Google has belatedly brought its Cloud Data Catalog to the market in a public beta release, announced this week. Google Data Catalog is a data management service that enables quick and easy searches of stored data and metadata. The service allows users to quickly find data by table or column name.
Google has built its catalog service on the same IT search infrastructure that supports Gmail and Google Drive. With Google Data Catalog researchers can search through tables stored on BigQuery, it also allows the user to search topics across all of the cloud projects that they are running.
Isaac Kuek Google Cloud Interaction Designer wrote in a blog that: “Integration with access controls defined in Cloud Identity and Access Management (IAM) returns data that you have access to, reducing the need to configure additional permissions within Data Catalog.”

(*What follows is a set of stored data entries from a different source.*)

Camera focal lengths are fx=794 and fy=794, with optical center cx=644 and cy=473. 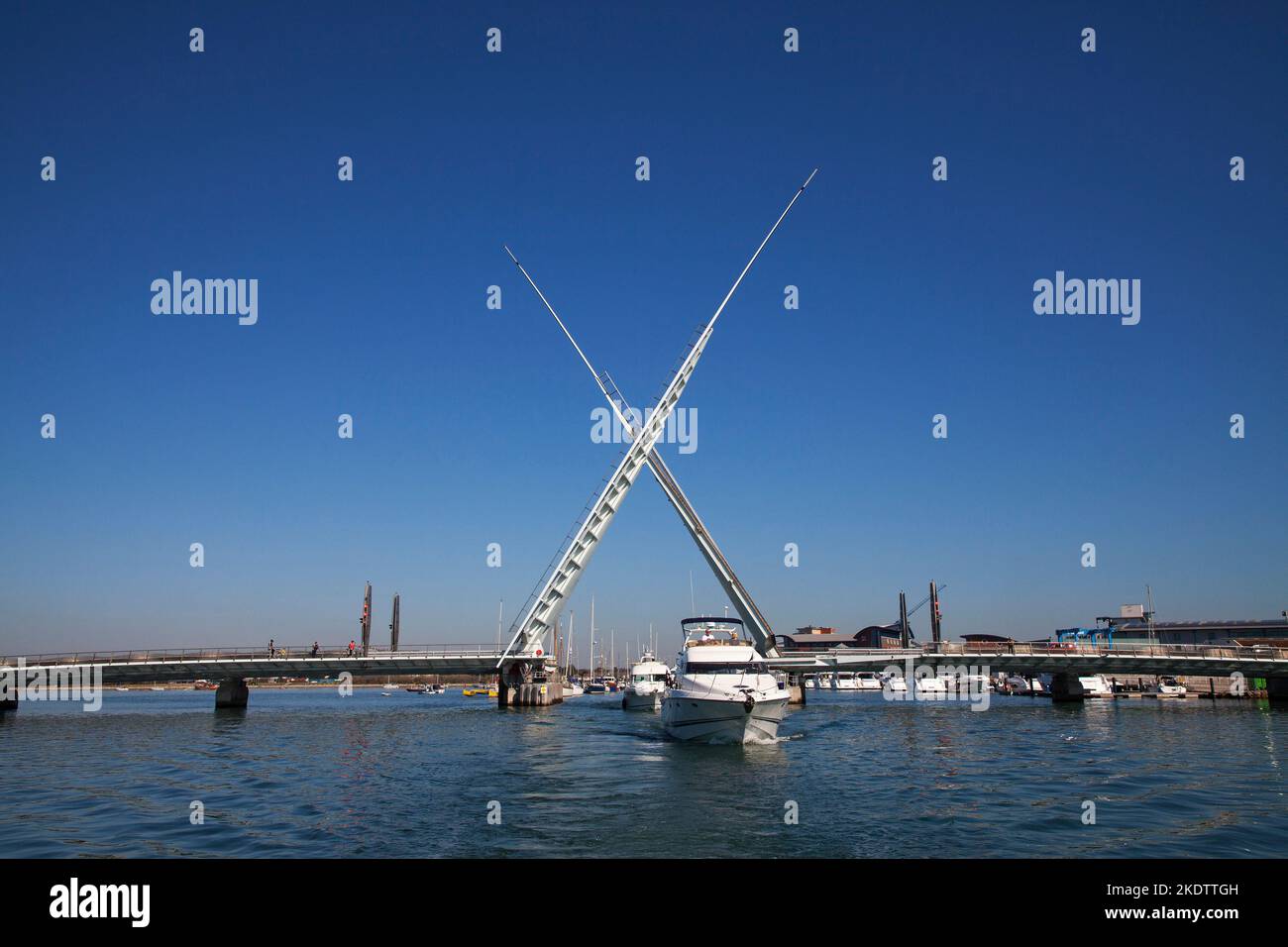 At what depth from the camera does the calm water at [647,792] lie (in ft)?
62.2

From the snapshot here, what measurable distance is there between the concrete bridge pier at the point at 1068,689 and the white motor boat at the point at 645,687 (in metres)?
42.2

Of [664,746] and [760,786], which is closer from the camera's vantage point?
[760,786]

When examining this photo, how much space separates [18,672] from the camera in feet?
239

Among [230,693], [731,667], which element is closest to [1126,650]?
[731,667]

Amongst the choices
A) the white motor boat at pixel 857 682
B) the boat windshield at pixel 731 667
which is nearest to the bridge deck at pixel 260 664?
the boat windshield at pixel 731 667

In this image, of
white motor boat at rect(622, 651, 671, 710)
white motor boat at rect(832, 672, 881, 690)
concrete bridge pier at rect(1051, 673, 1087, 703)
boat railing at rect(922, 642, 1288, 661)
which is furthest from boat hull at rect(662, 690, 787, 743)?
white motor boat at rect(832, 672, 881, 690)

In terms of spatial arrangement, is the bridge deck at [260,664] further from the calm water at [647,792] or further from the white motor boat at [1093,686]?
the white motor boat at [1093,686]

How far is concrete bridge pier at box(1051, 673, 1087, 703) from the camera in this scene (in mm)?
84375

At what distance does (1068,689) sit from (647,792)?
7515 centimetres
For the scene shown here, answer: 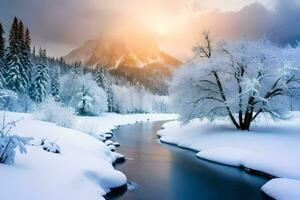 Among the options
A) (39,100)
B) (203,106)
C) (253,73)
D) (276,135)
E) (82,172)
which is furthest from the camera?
(39,100)

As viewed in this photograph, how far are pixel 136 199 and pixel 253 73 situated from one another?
1828 cm

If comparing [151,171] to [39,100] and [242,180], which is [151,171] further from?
[39,100]

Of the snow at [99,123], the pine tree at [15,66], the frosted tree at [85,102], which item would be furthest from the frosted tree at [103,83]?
the pine tree at [15,66]

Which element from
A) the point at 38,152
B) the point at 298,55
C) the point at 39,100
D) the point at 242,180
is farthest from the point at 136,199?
the point at 39,100

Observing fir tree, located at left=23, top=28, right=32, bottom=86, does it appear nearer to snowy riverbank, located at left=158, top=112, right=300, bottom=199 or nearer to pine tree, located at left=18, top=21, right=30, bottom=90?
pine tree, located at left=18, top=21, right=30, bottom=90

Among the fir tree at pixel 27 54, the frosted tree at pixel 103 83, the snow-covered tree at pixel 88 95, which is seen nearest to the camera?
the fir tree at pixel 27 54

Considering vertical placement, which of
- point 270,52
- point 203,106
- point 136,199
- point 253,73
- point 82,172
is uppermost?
point 270,52

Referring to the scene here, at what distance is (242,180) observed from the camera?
61.4 feet

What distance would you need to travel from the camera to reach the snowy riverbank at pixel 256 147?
55.1ft

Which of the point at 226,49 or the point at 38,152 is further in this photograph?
the point at 226,49

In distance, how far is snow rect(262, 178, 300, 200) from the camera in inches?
539

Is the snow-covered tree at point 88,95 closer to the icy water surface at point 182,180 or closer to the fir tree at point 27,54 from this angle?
the fir tree at point 27,54

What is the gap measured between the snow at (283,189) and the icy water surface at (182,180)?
1.75 ft

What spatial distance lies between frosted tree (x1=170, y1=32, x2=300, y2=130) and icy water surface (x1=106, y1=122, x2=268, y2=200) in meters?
6.85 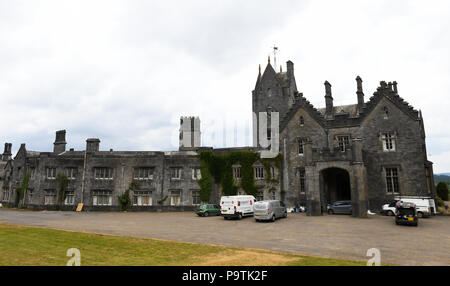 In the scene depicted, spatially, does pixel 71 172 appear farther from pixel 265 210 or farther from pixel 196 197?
pixel 265 210

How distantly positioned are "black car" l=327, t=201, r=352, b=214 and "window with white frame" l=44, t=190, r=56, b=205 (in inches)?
1444

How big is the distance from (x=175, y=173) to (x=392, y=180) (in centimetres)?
2706

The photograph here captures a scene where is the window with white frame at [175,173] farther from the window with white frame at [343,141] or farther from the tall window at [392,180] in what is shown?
the tall window at [392,180]

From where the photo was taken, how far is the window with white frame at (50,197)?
3897 centimetres

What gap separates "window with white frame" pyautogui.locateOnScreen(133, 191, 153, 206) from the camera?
38250 mm

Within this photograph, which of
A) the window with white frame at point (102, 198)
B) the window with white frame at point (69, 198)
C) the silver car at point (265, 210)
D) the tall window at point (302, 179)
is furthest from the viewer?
the window with white frame at point (69, 198)

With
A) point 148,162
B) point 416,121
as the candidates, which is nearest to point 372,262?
point 416,121

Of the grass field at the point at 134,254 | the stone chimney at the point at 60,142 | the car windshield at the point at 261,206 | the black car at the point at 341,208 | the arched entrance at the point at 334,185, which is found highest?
the stone chimney at the point at 60,142

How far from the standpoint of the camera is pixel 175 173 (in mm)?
38969

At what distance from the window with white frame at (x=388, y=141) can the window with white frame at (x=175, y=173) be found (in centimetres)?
2617

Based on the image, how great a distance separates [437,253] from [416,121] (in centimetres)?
2324

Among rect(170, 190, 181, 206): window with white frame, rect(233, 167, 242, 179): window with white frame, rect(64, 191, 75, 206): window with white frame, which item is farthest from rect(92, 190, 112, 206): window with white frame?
rect(233, 167, 242, 179): window with white frame

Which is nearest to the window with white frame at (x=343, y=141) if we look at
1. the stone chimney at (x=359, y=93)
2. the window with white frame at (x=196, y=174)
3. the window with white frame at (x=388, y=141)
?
the window with white frame at (x=388, y=141)
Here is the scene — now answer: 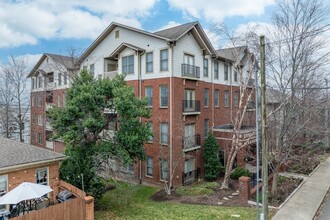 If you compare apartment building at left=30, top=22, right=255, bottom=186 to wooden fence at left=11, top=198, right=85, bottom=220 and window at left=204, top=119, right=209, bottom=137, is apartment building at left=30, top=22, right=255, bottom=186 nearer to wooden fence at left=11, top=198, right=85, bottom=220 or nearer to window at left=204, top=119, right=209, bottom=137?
window at left=204, top=119, right=209, bottom=137

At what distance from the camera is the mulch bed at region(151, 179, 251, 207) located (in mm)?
15180

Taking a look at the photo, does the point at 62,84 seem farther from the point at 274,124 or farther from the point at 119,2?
the point at 274,124

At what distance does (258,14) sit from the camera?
671 inches

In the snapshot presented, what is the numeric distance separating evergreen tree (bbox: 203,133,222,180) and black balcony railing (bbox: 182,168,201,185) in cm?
79

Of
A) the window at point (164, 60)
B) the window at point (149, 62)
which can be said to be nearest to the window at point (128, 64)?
the window at point (149, 62)

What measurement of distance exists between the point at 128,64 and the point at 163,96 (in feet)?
15.4

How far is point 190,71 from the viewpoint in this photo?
21.2m

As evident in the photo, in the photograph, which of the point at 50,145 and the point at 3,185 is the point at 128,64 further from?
the point at 50,145

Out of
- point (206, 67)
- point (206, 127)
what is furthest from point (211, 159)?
point (206, 67)

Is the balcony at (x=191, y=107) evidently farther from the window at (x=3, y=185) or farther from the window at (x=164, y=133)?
the window at (x=3, y=185)

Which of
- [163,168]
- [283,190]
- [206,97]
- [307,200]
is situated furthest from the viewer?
[206,97]

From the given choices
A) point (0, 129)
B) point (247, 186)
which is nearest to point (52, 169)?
point (247, 186)

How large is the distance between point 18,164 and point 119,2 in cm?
1384


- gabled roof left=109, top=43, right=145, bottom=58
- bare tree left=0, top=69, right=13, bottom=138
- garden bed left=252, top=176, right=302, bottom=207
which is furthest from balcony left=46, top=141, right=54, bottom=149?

At its heart Data catalog allows users to oversee data by tagging data assets with metadata that enables them to easily search through it at a later date. Business metadata can be defined using tag templates which can be applied to numerous data sets.
“Data Catalog extends the traditional business glossary concept by supporting doubles, booleans, and enumerated type in addition to storing metadata as strings. For example, you can assign a business category as an enumerated type to a data asset from a pre-set list of categories, ensuring consistent categories are used when capturing metadata,” writes Kuek.
Not the Only Cloud Data Catalog
The Google beta of its data catalog follows releases of similar services on cloud platforms like Amazon’s AWS, which introduced AWS Glue in 2017.
The AWS Glue Data Catalog is an index to the location, runtime metrics and schema of data stored in the AWS platform. All information stored in the data catalog is done so as metadata tables of which each table specifies a single data store.
There are other vendors than the big cloud service providers supplying data cataloguing software that can also be used natively on AWS, Azure, and Google Cloud.
California-based Waterline Data uses an AI –driven algorithm to automatically tag data stored in data warehouses. Its service aggregates all data from sources like public and on-premises clouds into one single dashboard.
Waterline Data CEO Kailash Ambwani commented in a release that “As more organizations realize the value in shifting their data to the Cloud and hybrid environments, the need for a cloud-native enterprise data catalog that can provide single truth visibility into their data assets, regardless of their location, has become increasingly critical,” said Waterline Data CEO Kailash Ambwani.